How Innovative Business Models Can Bring Cheap Energy to Poor Communities

ome 1.2 billion people — or 16% of the global population — don’t have access to electricity. Entrepreneurs are developing innovative, off-grid energy solutions to bring power to those populations, but challenges of varying kinds are slowing down their progress.
For Nikhil Jaisinghani, co-founder of Mera Gao Power, a provider of low-cost, off-grid solar power to villages in India’s Uttar Pradesh state, a prime challenge is attracting investors who are used to large, publicly funded grid-based power projects with government subsidies, and are unfamiliar with projects like those of Mera Gao Power. “We’re trying to put this into a model where we’re serving ultra-poor customers without public funding, and we’re trying to create a profitable model with a three- to four-year payback period on infrastructure,” he said.
In Australia, David Allen works for a family office that has met with success in its investments in renewable energy projects aimed at benefiting indigenous communities and reducing the carbon footprint. But Allen, who champions a for-profit model for sustainability, finds it disconcerting when the entrepreneurs he backs prefer to service middle-income consumers instead of stretching their business model to reach poorer people at the bottom of the pyramid. “That’s one of the risks we’re now turning our attention to,” he said. “How can we bake the social purpose into some of these businesses?”

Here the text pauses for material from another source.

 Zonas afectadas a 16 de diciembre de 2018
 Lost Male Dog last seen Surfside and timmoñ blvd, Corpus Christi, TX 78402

Jaisinghani and Allen shared their perspectives on the guiding principles for impact investing with Knowledge@Wharton for a new podcast series called “From Back Street to Wall Street.” The series is being produced in partnership with Impact Investment Exchange (IIX), a Singapore-based organization that serves as a bridge between investors and development goals in Asia. (Listen to this episode using the player at the top of this page. Find the first episode here and the second episode here.)
‘Lighting-as-a-Service’ Model
Jaisinghani was struck by the idea for Mera Gao Power (“Mera Gao” means “My Village” in Hindi) some two decades ago when he worked in the Peace Corps in a small village in Nepal. The village had no electricity, and people got by with kerosene lanterns. Over the years, he thought up a “lighting-as-a-service” business model, and founded his firm in 2010 in Lucknow, Uttar Pradesh
Mera Gao Power started out by designing a solar-powered micro grid that provides seven hours of electricity from 7 p.m. every day to village households in Uttar Pradesh. Priced at less than $2 a month, the service powers two light points and a phone charger; the latter is crucial for households to charge their mobile phones, on which they watch movies and other entertainment.
The company started with a few pilots in 2010 and 2011, and started growing slowly in 2012. Today it serves some 20,000 households with 100,000 people in 1,500 communities of Uttar Pradesh. Its plan is to grow to 50,000 households by end-2018. “We wanted to focus on a level of service that was going to be as impactful as possible, but still affordable to our customers,” Jaisinghani said.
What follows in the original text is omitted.